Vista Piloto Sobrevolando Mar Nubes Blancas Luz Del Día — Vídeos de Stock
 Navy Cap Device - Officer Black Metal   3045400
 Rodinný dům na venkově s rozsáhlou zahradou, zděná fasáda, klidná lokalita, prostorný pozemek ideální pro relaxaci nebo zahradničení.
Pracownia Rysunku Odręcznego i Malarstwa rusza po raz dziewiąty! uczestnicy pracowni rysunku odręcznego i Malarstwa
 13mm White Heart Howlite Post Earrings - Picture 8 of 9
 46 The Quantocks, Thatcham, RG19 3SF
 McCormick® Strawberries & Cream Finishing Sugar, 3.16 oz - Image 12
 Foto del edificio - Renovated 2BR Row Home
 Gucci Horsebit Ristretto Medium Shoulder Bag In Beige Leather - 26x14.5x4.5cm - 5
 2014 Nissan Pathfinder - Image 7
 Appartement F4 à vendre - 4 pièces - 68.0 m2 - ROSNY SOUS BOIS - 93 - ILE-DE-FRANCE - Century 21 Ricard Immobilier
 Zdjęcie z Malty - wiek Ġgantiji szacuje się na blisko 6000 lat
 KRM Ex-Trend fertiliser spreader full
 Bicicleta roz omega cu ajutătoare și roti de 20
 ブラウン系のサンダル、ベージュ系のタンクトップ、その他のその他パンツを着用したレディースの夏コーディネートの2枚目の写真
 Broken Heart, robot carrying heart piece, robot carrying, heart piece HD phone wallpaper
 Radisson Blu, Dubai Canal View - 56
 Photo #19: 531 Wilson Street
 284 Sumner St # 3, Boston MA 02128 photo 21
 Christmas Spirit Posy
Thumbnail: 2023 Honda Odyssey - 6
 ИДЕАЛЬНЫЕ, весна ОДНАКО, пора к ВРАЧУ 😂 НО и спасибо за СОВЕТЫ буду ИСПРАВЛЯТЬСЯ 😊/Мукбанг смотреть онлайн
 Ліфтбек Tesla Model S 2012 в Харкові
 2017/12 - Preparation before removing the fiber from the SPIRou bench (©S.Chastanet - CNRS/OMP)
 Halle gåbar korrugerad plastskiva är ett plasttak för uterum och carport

--*--

_Work to complete:_
Here the job is to transcribe the lines from the first line of the data through the line containing "Rodinný dům na", inclusive, exactly and with nothing else.

_Solution:_
Vista Piloto Sobrevolando Mar Nubes Blancas Luz Del Día — Vídeos de Stock
 Navy Cap Device - Officer Black Metal   3045400
 Rodinný dům na venkově s rozsáhlou zahradou, zděná fasáda, klidná lokalita, prostorný pozemek ideální pro relaxaci nebo zahradničení.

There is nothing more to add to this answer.